Radio Bremen schließt Jahresabschluss und Gebührenperiode 2012 mit leichtem Plus ab. Bei Gesamterträgen von 92,86 Mio. € und Gesamtaufwendungen von 92,66 Mio. € wurde ein Überschuss von 0,20 Mio. € erwirtschaftet.

Der Überschuss wird dem Eigenkapital zugeführt, dessen Saldo dann auf 0,54 Mio.  € ansteigt. Im Jahr zuvor lagen die Erträge bei 91,02 Mio.  €, die Aufwendungen bei 93,98 Mio. €, das Defizit betrug 2,93 Mio. €.

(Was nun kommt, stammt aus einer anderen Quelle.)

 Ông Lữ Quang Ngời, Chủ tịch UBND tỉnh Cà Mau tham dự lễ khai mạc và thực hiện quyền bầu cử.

„Mit dem Jahresabschluss 2012 wurde gleichzeitig die Gebührenperiode 2009 bis 2012 beendet. Ziel war es – trotz der angespannten finanziellen Situation von Radio Bremen – mit einem ausgeglichenen Haushalt abzuschließen. Das hat in der abgelaufenen Gebührenperiode großer Sparanstrengungen und Veränderungsprozesse bedurft, aber wir haben es geschafft“, sagte Radio Bremen-Intendant Jan Metzger (Foto). „Das ausgeglichene Ergebnis haben wir erreicht, obwohl die Gebühreneinnahmen im Jahr 2012 – bei steigenden Kosten – im Vergleich zum Vorjahr gesunken sind. Für uns als kleine Landesrundfunkanstalt war dies nur durch eine Steigerung der Effizienz, z.B. in der Fernsehproduktion, und durch eine Neuausrichtung des Programms möglich, wie zuletzt die Reform des Vorabendprogramms mit buten un binnen“, betonte Metzger.

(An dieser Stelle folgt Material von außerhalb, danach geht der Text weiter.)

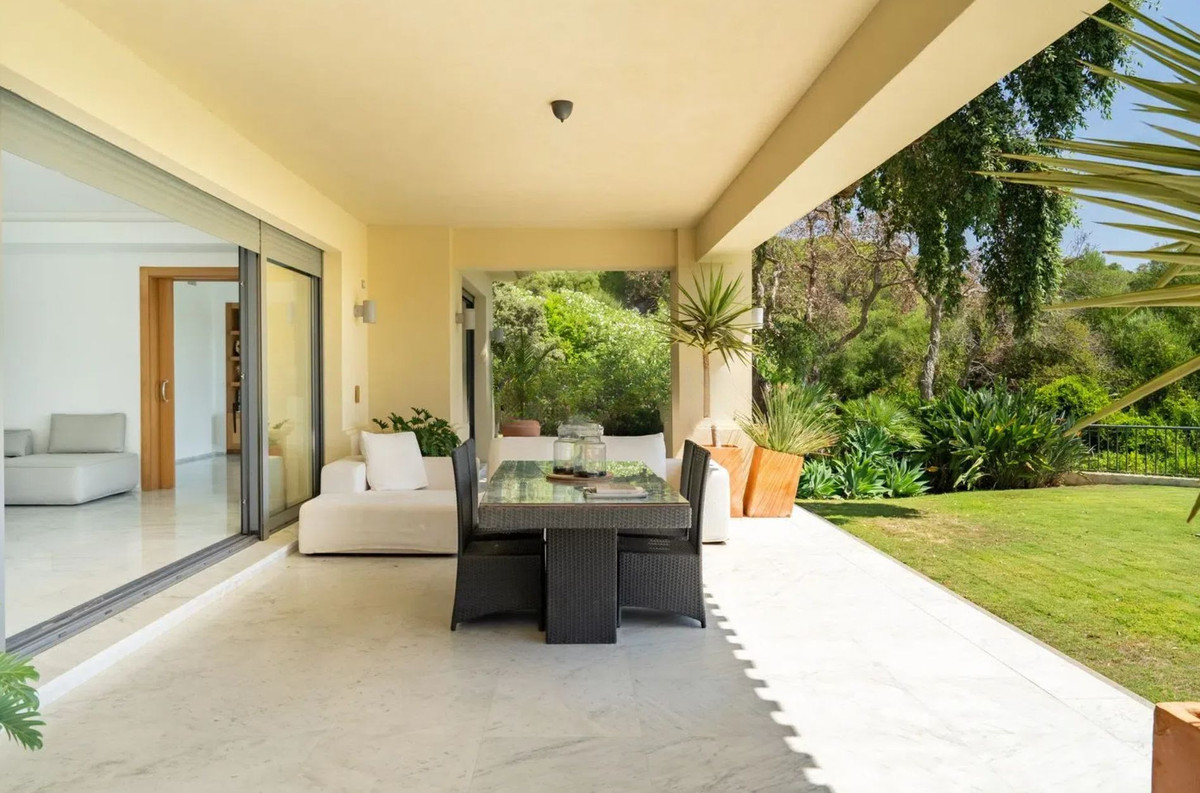 Se vende Villa - Chalet de 4 dormitorios en Costa Del Sol, Cadiz, España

„Der Jahresabschluss 2012 am Ende der Gebührenperiode ist erfreulich und zeigt, dass Radio Bremen seine Hausaufgaben erfolgreich gemacht hat. Jetzt kommt es darauf an, dass die ARD-Einigung zum Finanzausgleich umgesetzt wird, um die finanzielle Zukunft des Senders zu sichern“, sagte Eva-Maria Lemke-Schulte, Vorsitzende des Rundfunkrats. „Die Mitglieder des Rundfunkrats von Radio Bremen haben in ihrer heutigen Sitzung die von der ARD vorgeschlagene Neuordnung des Finanzausgleichs ausdrücklich begrüßt und danken den anderen Rundfunkanstalten und Aufsichtsgremien für ihre konstruktive Haltung“, so Lemke-Schulte.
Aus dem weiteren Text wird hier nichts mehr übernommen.